Fast täglich werden Pensionisten in Wien mit betrügerischen Telefon-Tricks um ihre Ersparnisse gebracht – der Schaden beträgt oft Zigtausende Euro. Eine 27-jährige Wienerin mit türkischen Wurzeln gab nun vor Gericht einen seltenen "Backstage"-Einblick in die Machenschaften der "falschen Polizisten".
Call Center in Istanbul
"Ich war in Istanbul, in einem Club lernten wir einen Mann kennen", erzählte die 27-jährige Angeklagte in akzentfreiem Hochdeutsch vor dem Richter. Er habe sie und ihre Freundin für die Arbeit in einem Call-Center angeheuert. Schnell sei klar gewesen, worum es geht. Das "Office" der "falschen Polizisten" habe sich in einem Einfamilienhaus in Istanbul befunden. Aus Online-Telefonbüchern habe man sich Wiener mit "alt klingenden Namen" herausgesucht und angerufen. Sie sei nur wenige Tage zum "Schnuppern" dort gewesen, habe keine "Abschlüsse" gehabt.
"Menschen um Ersparnisse gebracht"
Die Staatsanwaltschaft Wien warf der gut gebrieften Angeklagten "gewerbsmäßigen Betrug" und "kriminelle Vereinigung" vor. Die Bande soll über 250 Taten begangen und 12 Millionen Euro Schaden verursacht haben, so der Staatsanwalt. "Alte Menschen wurden getäuscht und um ihre Lebensersparnisse gebracht."
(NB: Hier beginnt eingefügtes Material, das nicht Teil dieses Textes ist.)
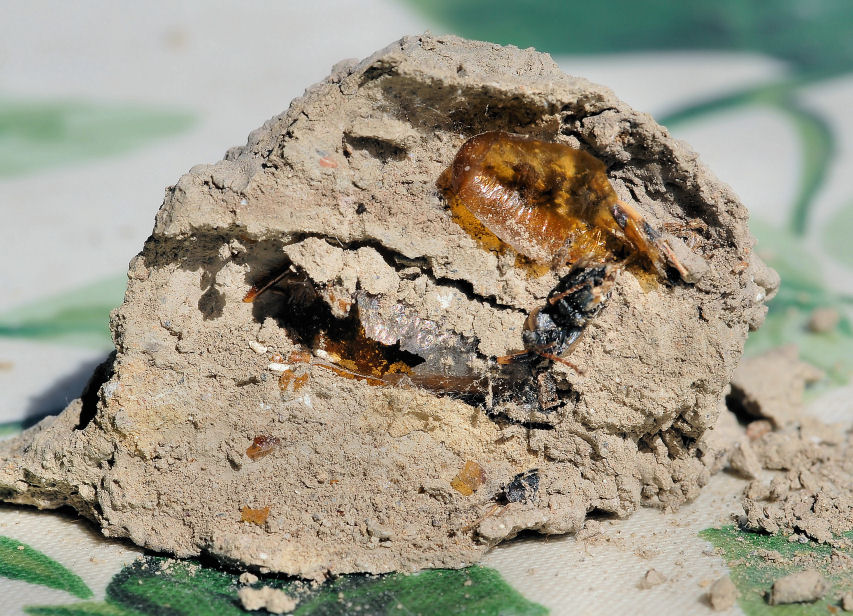 Nido di Sceliphron sp.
Falscher Polizist holte Geld ab
Die 27-Jährige soll sich am Telefon als Bankangestellte Maria oder Anna Hill ausgegeben haben. Pensionistinnen wurde erzählt, ein Unbekannter habe versucht mit einem gefälschten Ausweis einen größeren Geldbetrag abzuheben. Das sei aber verhindert worden. Die verunsicherten Seniorinnen wurden mit Polizist "Lukas Steiner" verbunden, der dann einen "Kollegen" zu ihnen schicken wollte, um Wertsachen und Ersparnisse abzuholen.
Stimmen-App zur Täuschung
Im Call-Center sei auch ein sogenannter "Voice-Changer" verwendet worden, um Stimmen professionell zu imitieren. So sei es beispielsweise einem Mann möglich gewesen, mit einer Frauenstimme am Telefon zu sprechen.
Von Bekannter belastet
Die Angeklagte bekannte sich teilschuldig, wies die Betrugsvorwürfe zurück, wollte Instagram-Posts als Entlastung vorbringen. Belastet wurde die 27-Jährige von einer Bekannten. Diese hatte in der Einvernahme ausgesagt, die Wienerin sei "ein Profi" gewesen, habe "gleich am ersten Tag einen Treffer" gehabt. Die 27-Jährige sprach von einer Lüge, sie habe niemanden geschädigt. "Gott hat das nicht zugelassen, zum Glück."
Opfer erkannte Stimme
Eine Zeugin (73) erkannte die Angeklagte sofort an der Stimme wieder, sie sei damals auf den Telefontrick von "Anna Hill" aber nicht hereingefallen. "Ich habe sofort gemerkt, irgendwas stimmt hier nicht."
Täter kam mit FFP2-Maske
Eine andere Seniorin (86) hatte weniger Glück. Sie verlor 39.000 Euro. "Ich bin von einem vermeintlichen Betrugsdezernat angerufen worden, war wie hypnotisiert", erklärte die Zeugin. Sie sei auf die Masche hereingefallen. Ein Abholer gab sich als Polizist "Mario Tischler" aus, er habe eine Kappe und eine FFP-2-Maske aufgehabt, erleichterte die Frau um Ersparnisse in der Höhe von 39.000 Euro. Die Stimme der Angeklagten erkannte sie im Gerichtssaal aber nicht wieder.
Teilbedingte Haft
Die Angeklagte wurde vom Betrugsvorwurf freigesprochen, wegen krimineller Vereinigung setzte es 18 Monate Haft, davon zwei unbedingt. Das Urteil ist nicht rechtskräftig, es gilt die Unschuldsvermutung!